**Stored data**.
Start of Block
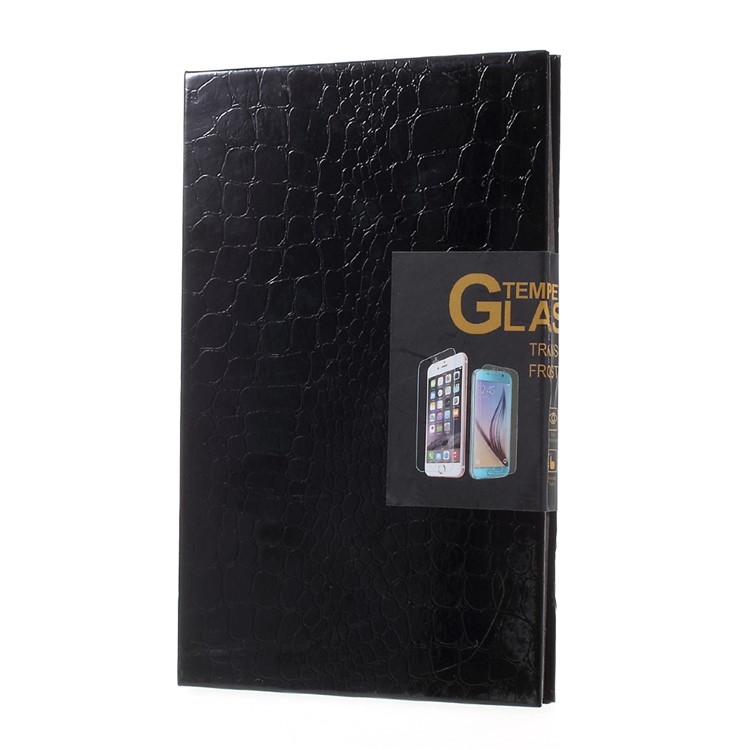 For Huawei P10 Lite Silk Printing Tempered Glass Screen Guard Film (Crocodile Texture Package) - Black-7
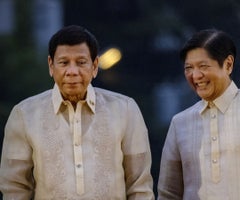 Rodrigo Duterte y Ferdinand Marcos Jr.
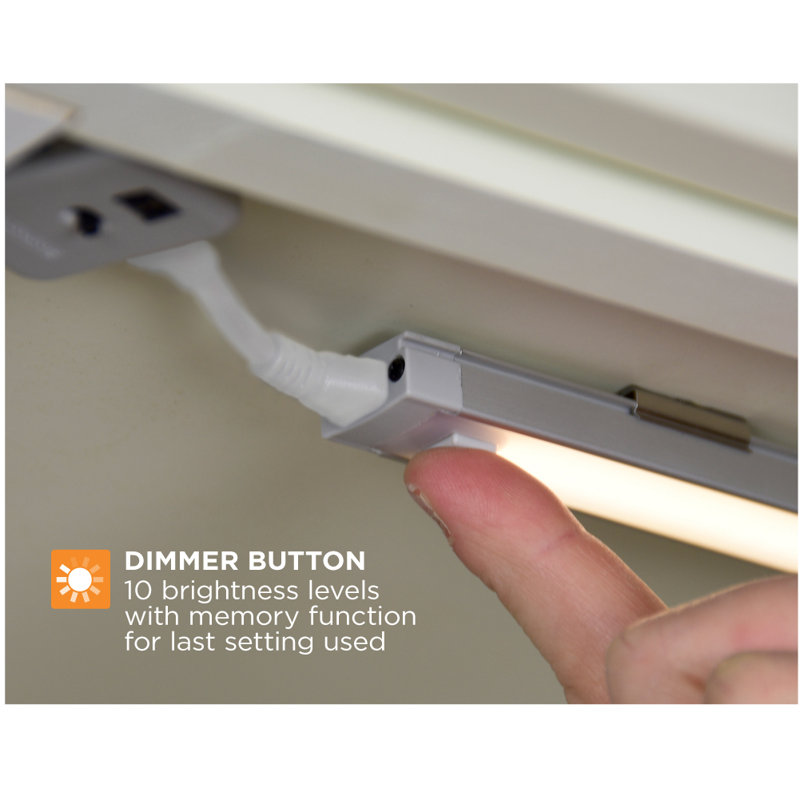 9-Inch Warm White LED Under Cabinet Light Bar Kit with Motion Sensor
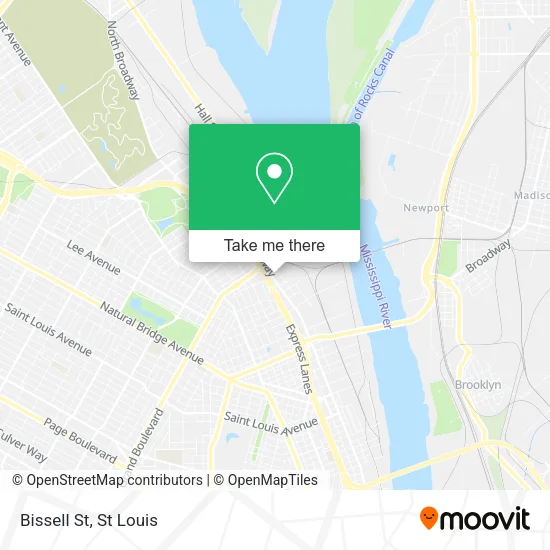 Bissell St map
End of Block
**What the task requires**. Without the pictures, transcribe the listing above exactly.

**Output**.
 For Huawei P10 Lite Silk Printing Tempered Glass Screen Guard Film (Crocodile Texture Package) - Black-7
 Rodrigo Duterte y Ferdinand Marcos Jr.
 9-Inch Warm White LED Under Cabinet Light Bar Kit with Motion Sensor
 Bissell St map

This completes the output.